▸ Input data:
^^^^

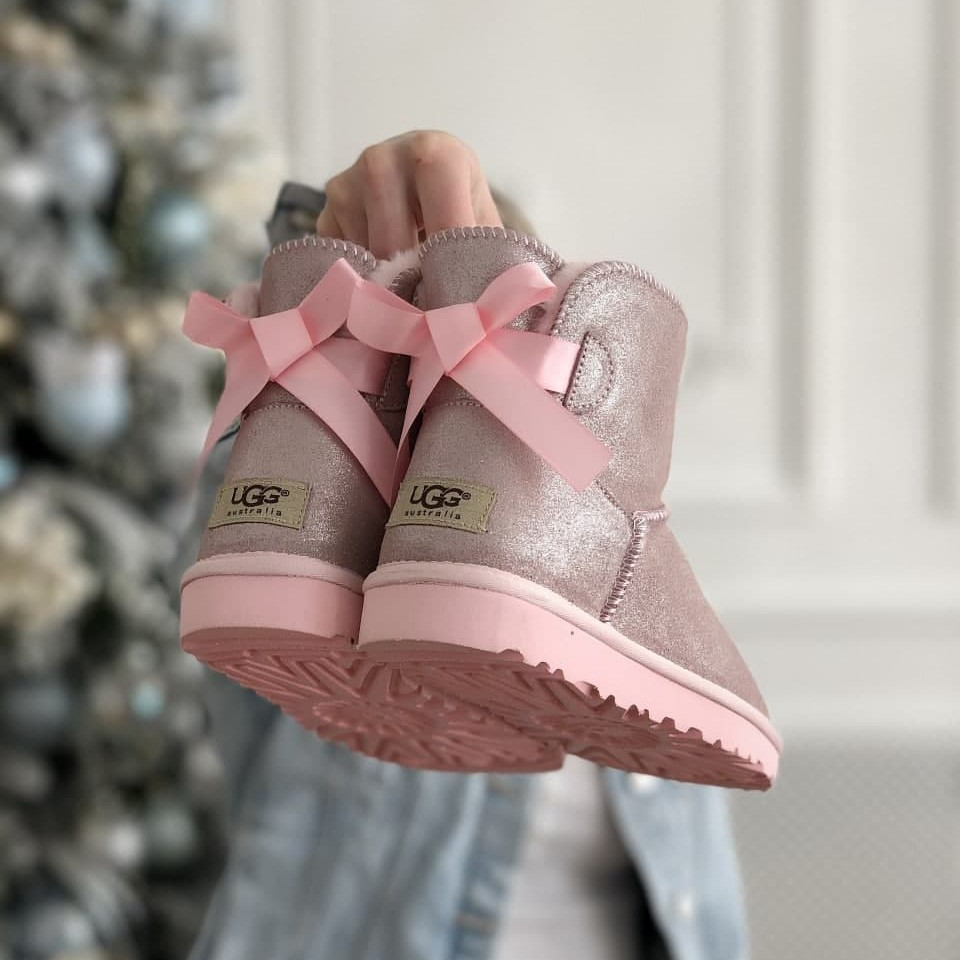 

Женские зимние сапоги UGG Mini Bailey Bow Pink / Угги Мини Бэйли Боу Розовые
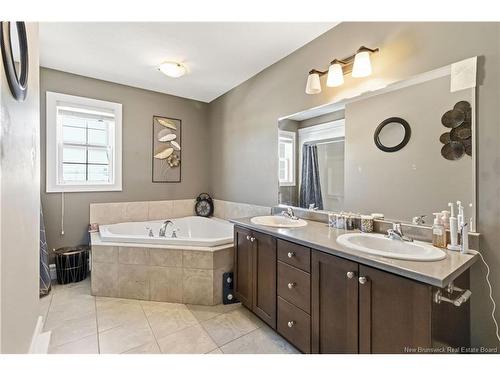 19 Des Érables St, Dieppe, NB 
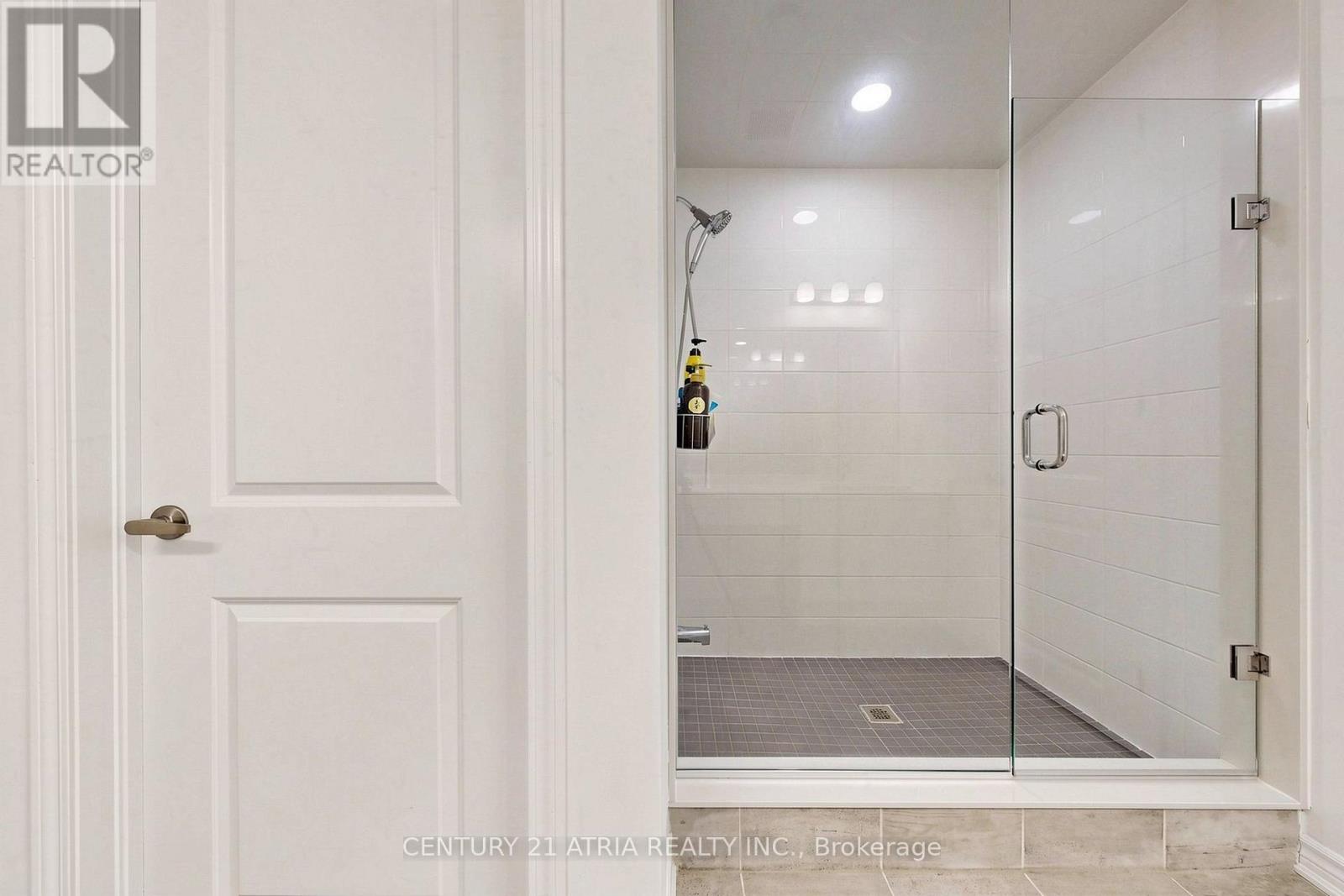 2950 Murphy Place Property Photo 22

^^^^

▸ Task: Transcribe every line of the listing above exactly; skip the pictures.

▸ Written solution:
Женские зимние сапоги UGG Mini Bailey Bow Pink / Угги Мини Бэйли Боу Розовые
 19 Des Érables St, Dieppe, NB 
 2950 Murphy Place Property Photo 22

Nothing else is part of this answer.